LitSearch: A Retrieval Benchmark for Scientific Literature Search (2407.18940v2)

Published 10 Jul 2024 in cs.IR, cs.AI, cs.CL, cs.DL, and cs.LG

Abstract: Literature search questions, such as "Where can I find research on the evaluation of consistency in generated summaries?" pose significant challenges for modern search engines and retrieval systems. These questions often require a deep understanding of research concepts and the ability to reason across entire articles. In this work, we introduce LitSearch, a retrieval benchmark comprising 597 realistic literature search queries about recent ML and NLP papers. LitSearch is constructed using a combination of (1) questions generated by GPT-4 based on paragraphs containing inline citations from research papers and (2) questions manually written by authors about their recently published papers. All LitSearch questions were manually examined or edited by experts to ensure high quality. We extensively benchmark state-of-the-art retrieval models and also evaluate two LLM-based reranking pipelines. We find a significant performance gap between BM25 and state-of-the-art dense retrievers, with a 24.8% absolute difference in recall@5. The LLM-based reranking strategies further improve the best-performing dense retriever by 4.4%. Additionally, commercial search engines and research tools like Google Search perform poorly on LitSearch, lagging behind the best dense retriever by up to 32 recall points. Taken together, these results show that LitSearch is an informative new testbed for retrieval systems while catering to a real-world use case.

PDF HTML Abstract

Overview of "LitSearch: A Retrieval Benchmark for Scientific Literature Search"

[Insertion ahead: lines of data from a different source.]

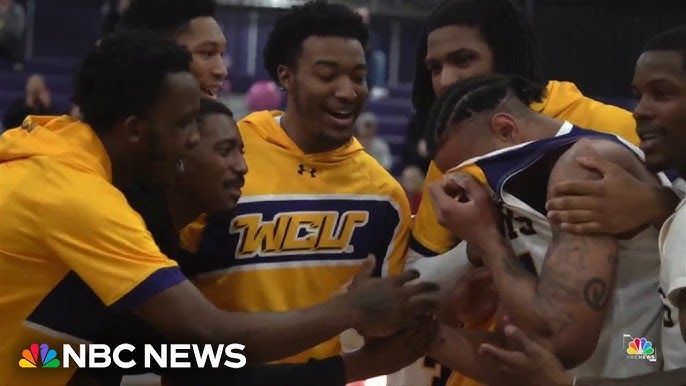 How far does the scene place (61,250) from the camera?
9.18ft

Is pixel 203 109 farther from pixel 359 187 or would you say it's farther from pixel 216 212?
pixel 359 187

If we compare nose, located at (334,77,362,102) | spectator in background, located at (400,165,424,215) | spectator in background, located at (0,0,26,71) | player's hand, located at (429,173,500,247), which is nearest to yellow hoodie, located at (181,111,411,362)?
nose, located at (334,77,362,102)

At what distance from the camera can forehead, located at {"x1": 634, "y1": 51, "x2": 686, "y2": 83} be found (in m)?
2.91

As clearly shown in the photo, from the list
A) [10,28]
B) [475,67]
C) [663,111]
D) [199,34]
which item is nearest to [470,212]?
[663,111]

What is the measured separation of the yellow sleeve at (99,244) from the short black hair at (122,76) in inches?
10.5

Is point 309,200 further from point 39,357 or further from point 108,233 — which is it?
point 39,357

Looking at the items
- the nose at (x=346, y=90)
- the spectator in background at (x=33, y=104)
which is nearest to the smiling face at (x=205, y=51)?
the nose at (x=346, y=90)

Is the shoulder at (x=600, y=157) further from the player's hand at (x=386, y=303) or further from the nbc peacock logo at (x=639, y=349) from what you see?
the player's hand at (x=386, y=303)

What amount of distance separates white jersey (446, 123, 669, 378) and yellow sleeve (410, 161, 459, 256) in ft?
2.42

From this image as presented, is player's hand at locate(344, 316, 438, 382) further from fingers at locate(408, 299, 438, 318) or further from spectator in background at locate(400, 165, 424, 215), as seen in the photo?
spectator in background at locate(400, 165, 424, 215)

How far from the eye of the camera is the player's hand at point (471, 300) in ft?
11.2

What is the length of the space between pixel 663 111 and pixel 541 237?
1.56 ft

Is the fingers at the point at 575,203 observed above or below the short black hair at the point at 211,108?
below

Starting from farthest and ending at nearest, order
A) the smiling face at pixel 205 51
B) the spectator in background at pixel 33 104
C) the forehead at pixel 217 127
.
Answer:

The paper "LitSearch: A Retrieval Benchmark for Scientific Literature Search" introduces an advanced benchmark named LitSearch, tailored to evaluate the efficacy of retrieval systems in addressing literature search queries. Recognizing the complexity inherent in queries related to scientific literature, the researchers developed LitSearch to provide a comprehensive evaluation platform comprising 597 literature search queries. These queries are particularly centered on recent advances in ML and NLP.

Methodology

LitSearch is curated through a combination of two unique methodologies:

Inline-Citation Questions: These are derived using GPT-4 to transform inline citations from scientific papers into meaningful search queries. This approach attempts to circumvent the often noisy and context-dependent nature of direct inline citations by generating questions that demand a deeper understanding of the cited work.
Author-Written Questions: Authors of recent conference papers were solicited to create questions about their work, which were then carefully vetted by experts to ensure quality and relevance.

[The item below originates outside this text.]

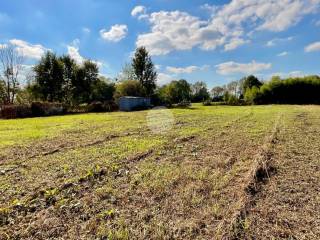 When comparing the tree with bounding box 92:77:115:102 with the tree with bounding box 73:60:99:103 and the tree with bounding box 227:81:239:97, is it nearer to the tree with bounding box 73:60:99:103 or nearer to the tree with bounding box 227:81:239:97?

Each question in LitSearch is linked to one or more scientific articles deemed as ground truth, making the benchmark both rigorous and practical for evaluating retrieval systems.

Experimental Findings

The benchmark tests a suite of state-of-the-art retrieval models, including traditional models like BM25 and advanced dense retrieval models such as GritLM, Instructor, and E5. Notably, GritLM, an advanced dense retrieval model, achieved a commendable recall@5 of 74.8%, significantly outperforming BM25 by a substantial margin of 24.8%.

Furthermore, when employing LLM-based reranking strategies, an additional improvement of 4.4% was observed in recall@5. This underscores the potential of LLMs in enhancing retrieval accuracy. It’s noteworthy that commercial search engines like Google lag considerably behind these state-of-the-art dense retrievers, highlighting the challenging nature of LitSearch.

Implications and Future Work

The creation of LitSearch presents significant implications for the development of retrieval models tailored to scientific literature. Its realistic queries and exhaustive benchmarking provide a valuable testbed for researchers seeking to optimize retrieval systems in the scientific domain. By demonstrating a pronounced gap between current retrieval systems and potential LLM-enhanced systems, this paper lays the groundwork for further exploration into improved retrieval mechanisms.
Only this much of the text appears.